先見の明

預言者ではありませんが。
別に自慢するわけではありませんが、WJFプロジェクトがこのブログ上に書いてきたことはたいていその通りになっています。自分でもちょっとびっくりするぐらい、私の予見はあたります。

ある支援者の方が言うのには、ご先祖様が現代の日本人に警告を発するために、WJFプロジェクトに乗り移ったのではないかとおっしゃるぐらい、安倍政権に関して書いてきたことはそのとおりになっています。

WJFプロジェクトが、安倍晋三のTPP交渉参加をみなさんに予告したのは、安倍政権発足直後の2013年1月1日に書いた2013年と題した記事の中でのことでした。私は次のように書きました。
2013年は、日本にとって大変な一年になると思います。
なぜなら日本は、大きな分岐点に立っているからです。

その分岐点とは、デフレを脱却するかしないかの分岐点ではありません。
戦後体制を脱却するかしないのかの分岐点でもありません。
憲法を改正するのかしないのかの分岐点でもありません。

その分岐点とは、

日本が日本であり続けるのか、日本であることをやめてしまうのか

の分岐点です。

デフレを脱却することは必要です。
しかし、デフレを脱却しようとすまいと、日本は日本のままです。

戦後体制を脱却することも大切です。
しかし、戦後体制を脱却しようとすまいと、日本は日本のままです。

憲法を改正することも大事です。
しかし、憲法を改正しようとすまいと、日本は日本のままです。

しかし、TPPと道州制は違います。
TPPに参加し、道州制を導入したら、もはや日本は日本でなくなります。

道州制導入を主張しているほとんどの政党が、同時にTPP参加を主張していることからわかるように、TPPと道州制は表裏一体のものであり、この二つ合わせて「日本をアメリカに組み込む」という機能と効果をもっています。

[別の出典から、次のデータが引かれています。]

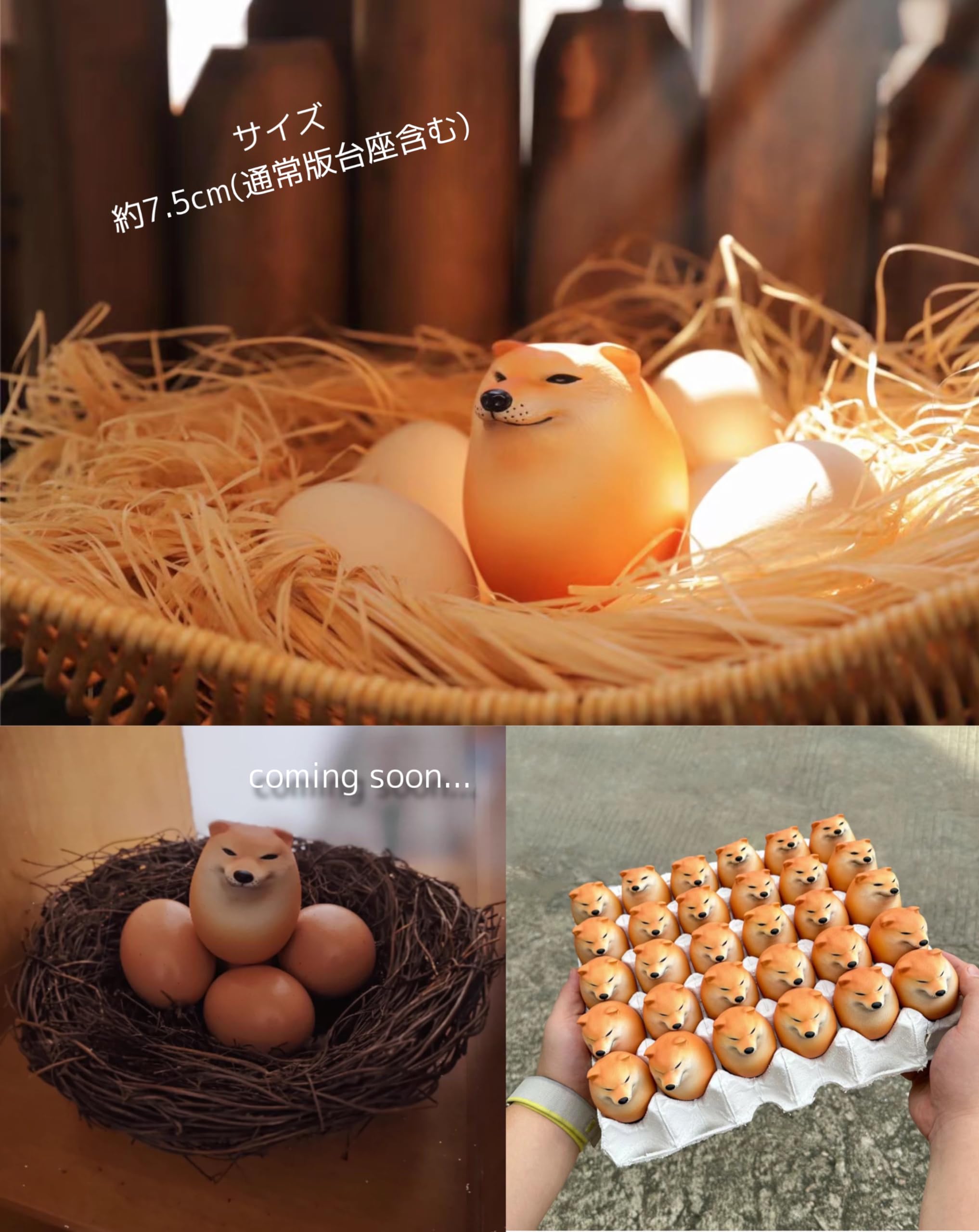 Amazon.co.jp: EGG SHIBAILNU たまご 柴犬 しばいぬ 卵 おもしろ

TPP参加と道州制導入は、アメリカと同じ制度を持つ、アメリカの新しい州が日本に生まれることを意味します。つまり、日本が完全にアメリカに組み込まれることを意味します。日本の国内制度は一変させられると同時に、仕事のない移民がどっと押し寄せてくる。日本人の血も文化もがらりと変えられていくことになるでしょう。

そしてその決定は、安倍晋三という一人の人物にゆだねられています。

この人物は、関税撤廃に例外品目が認められるならば、TPPに参加すると公言しています。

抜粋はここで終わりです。